Konsum sei gut, meint der Bund

Ist heut­zu­tage „mehr” wirk­lich immer noch „besser”? Kaum. Trotzdem gilt eine bessere „Konsu­men­ten­stim­mung” immer noch eindi­men­sional als eine gute Entwick­lung. Die Kehr­seite davon scheint noch niemand bemerkt zu haben. Eine kleine Ideologiekritik. 

Vor ein paar Tagen kam eine Nach­richt auf allen Kanälen: „Konsu­men­ten­stim­mung verbes­sert sich weiter”, titelte der Blick. Die Kauf­laune der Schweizer Konsument:innen habe sich im vergan­genen Monat deut­lich verbes­sert, ist im Wirt­schafts­ma­gazin Finanz und Wirt­schaft zu lesen. Und auch das Echo der Zeit, die wich­tigste Nach­rich­ten­sen­dung der Schweiz, vermel­dete, dass sich die Stim­mung der Konsument:innen verbes­sert habe.

Diese Meldungen gehen zurück auf eine Erhe­bung des Staats­se­kre­ta­riats für Wirt­schaft (SECO). Viermal im Jahr führen die Leute vom SECO eine Befra­gung durch, mit der sie heraus­finden wollen, wie sich die Konsument:innen in näherer Zukunft verhalten werden. Und damit auch, wie sich „die Wirt­schaft” entwickeln wird.

Werden die Leute mehr kaufen oder setzen sie doch eher auf Sparen? Werden sie grosse Anschaf­fungen machen oder damit noch warten? Darüber soll der soge­nannte Index der Konsument:innenstimmung Aufschluss geben.

Welches Ergebnis als gut gilt und welches als schlecht, ist dabei klar abge­steckt. Das zeigt sich auch in den Medi­en­be­richten: Je mehr Konsum, desto besser.

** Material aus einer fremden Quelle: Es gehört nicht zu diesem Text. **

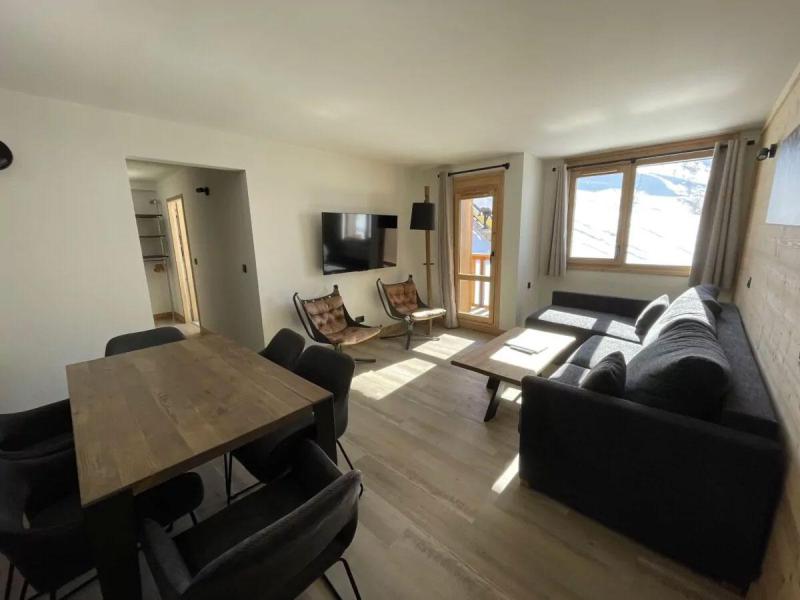 Rent in ski resort 6 room apartment 12-14 people (Sauna) - Résidence W 2050 - La Plagne - Living room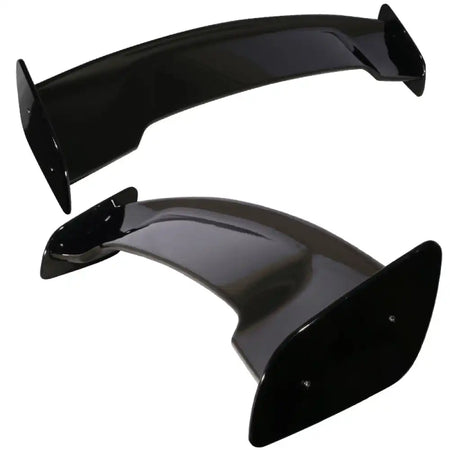 Universal 57In GT Style Gloss Black Trunk Spoiler LED Brake Light ABS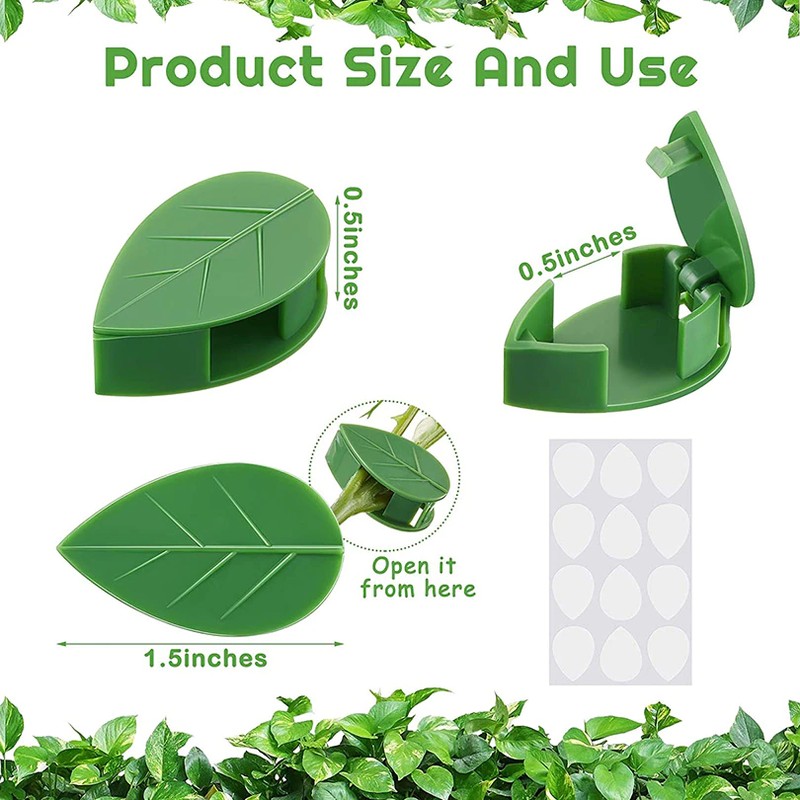 Plant Fixture Clip Climbing Wall SelfAdhesive Fastener Fixture Vine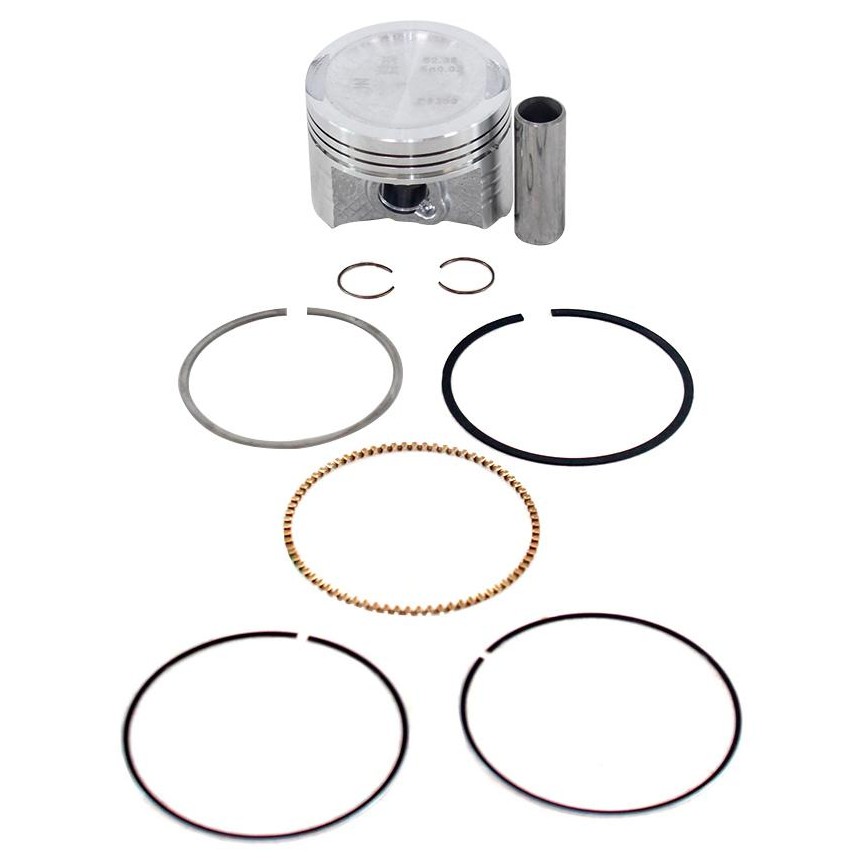 Pistão com Anéis 0,75 para Honda CG 125 e NXR 125 BROS - Mahle Metal Leve - P&A9350 0,75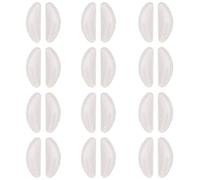 10Pairs Eyeglasses Non-Slip Silicone Nose Pieces Pads, Adhesive Glasses Nose Pads Cushions for Eyeglass Sunglasses(White2.5mm)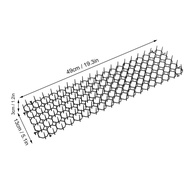 【bingbin】10ชิ้น แผงหนามกันนก หนามนก อุปกรณ์ไล่นก ซมล่นกพิราบ อุปกรณ์เข็มพลาสติกไล่นกสําหรับแมวนก ทนแดดทนฝน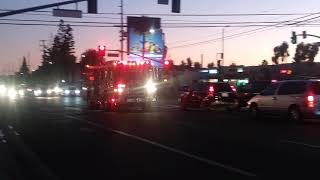 LAFD Engine 298 Responding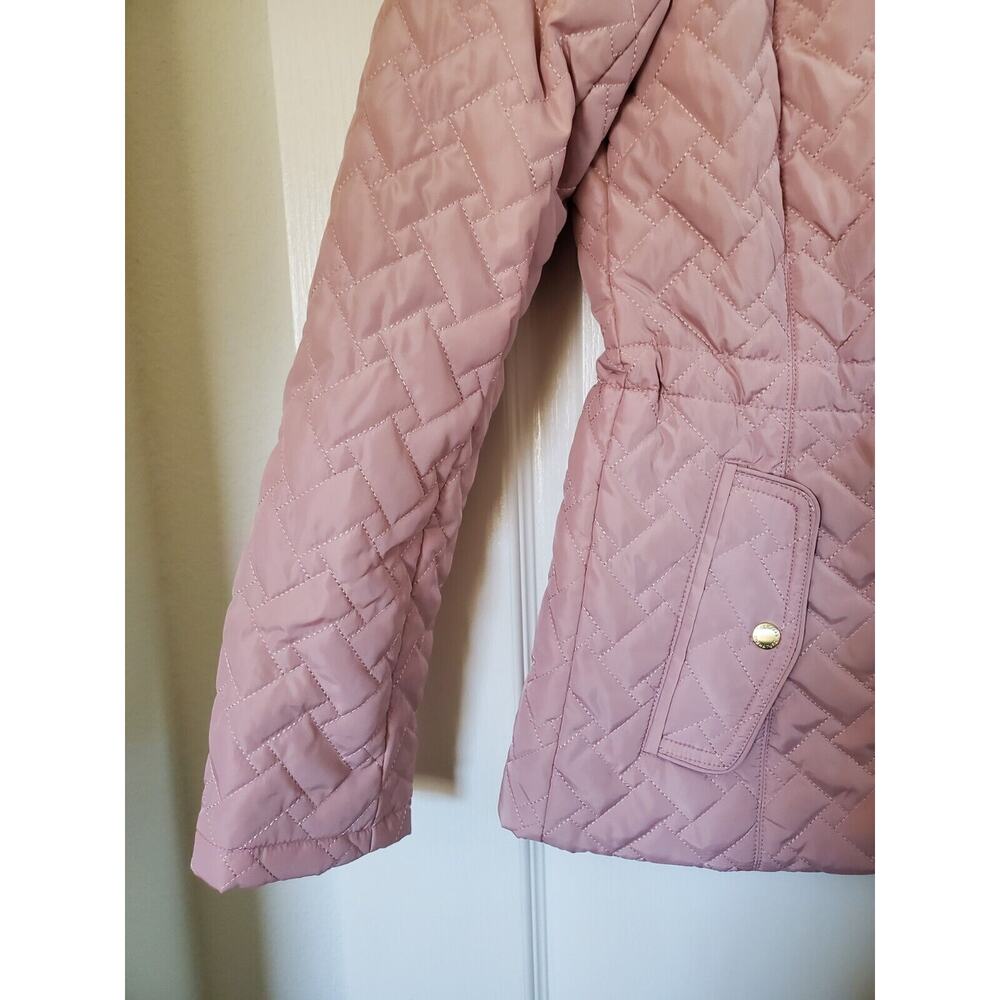 Cole Haan Blush Pink Quilted Jacket Coat NWT, Size XS - Picture 7 of 14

Mehr ist doch nicht besser

Nur: Versu­chen Kampa­gnen, NGOs und Behörden uns nicht seit Jahren klar­zu­ma­chen, dass unsere Einkaufs­es­ka­paden eben gerade nicht so gut sind? Weder für uns noch für den Planeten und vor allem nicht für dieje­nigen, die in 30, 40 oder 50 Jahren hier werden leben müssen?

Kauft nicht jedes Jahr das neueste Handy, liest man bei Green­peace und Co. „Bewusst und wert­schät­zend konsu­mieren”, rät einem der Kanton Zürich. Und an den Umwelt­tagen der Stadt Bern will man die Besucher:innen dazu moti­vieren, defekte Sachen zu repa­rieren, anstatt sie durch neue zu ersetzen.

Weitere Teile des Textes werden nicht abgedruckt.